2012 started with quite a bang with this weekend's announcement that Bristol-Myers Squibb has agreed to acquire Inhibitex for a hefty $2.5 billion.
We recently speculated on Inhibitex being an acquisition target in our article:
Unusually, the transaction was announced during the weekend whilst markets were closed, presumably to allow traders to absorb the announcement before responding when the markets reopened Monday.
Bristol-Myers Squibb will acquire Inhibitex for $26.00 per share in cash pursuant to a cash tender offer and second step merger.
The transaction, with an aggregate purchase price of approximately $2.5 billion, has been approved by the boards of directors of both companies.
“The acquisition of Inhibitex builds on Bristol-Myers Squibb’s long history of discovering, developing and delivering innovative new medicines in virology and enriches our portfolio of investigational medicines for hepatitis C,” said Lamberto Andreotti, chief executive officer, Bristol-Myers Squibb. “There is significant unmet medical need in hepatitis C. This acquisition represents an important investment in the long-term growth of the company.”

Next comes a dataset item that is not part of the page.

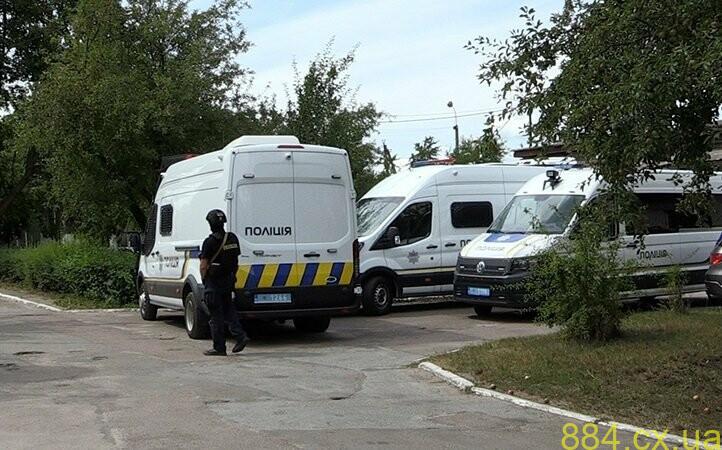 Навіщо ця озброєна вистава? Нещодавні обшуки в житомирській лікарні №2 викликали суспільний резонанс! ВІДЕО Навіщо ця озброєна вистава? Нещодавні обшуки в житомирській лікарні №2 викликали суспільний резонанс! ВІДЕО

“This transaction puts INX-189 and the Company’s other infectious disease assets in the hands of an organization that can more optimally develop them and which believes as strongly as we do in INX-189’s potential in the treatment of chronic HCV,” said Russell Plumb, President and Chief Executive Officer of Inhibitex. “Bristol-Myers Squibb’s expertise in antiviral drug development, and its existing complementary portfolio, will assure that the potential of INX-189 is realized as part of future oral combination therapies for millions of patients in need around the world.”
“Bristol-Myers Squibb continues to drive advances in the field of hepatitis C research and development through internal development and selective partnerships,” said Elliott Sigal, M.D., Ph.D., executive vice president, chief scientific officer and president, R&D, Bristol-Myers Squibb. “The addition of Inhibitex’s nucleotide polymerase inhibitor to our own promising portfolio, which includes other direct-acting antivirals, brings additional options to develop all-oral regimens with better cure rates, shorter duration of therapy and lower toxicity than the current standard of care.”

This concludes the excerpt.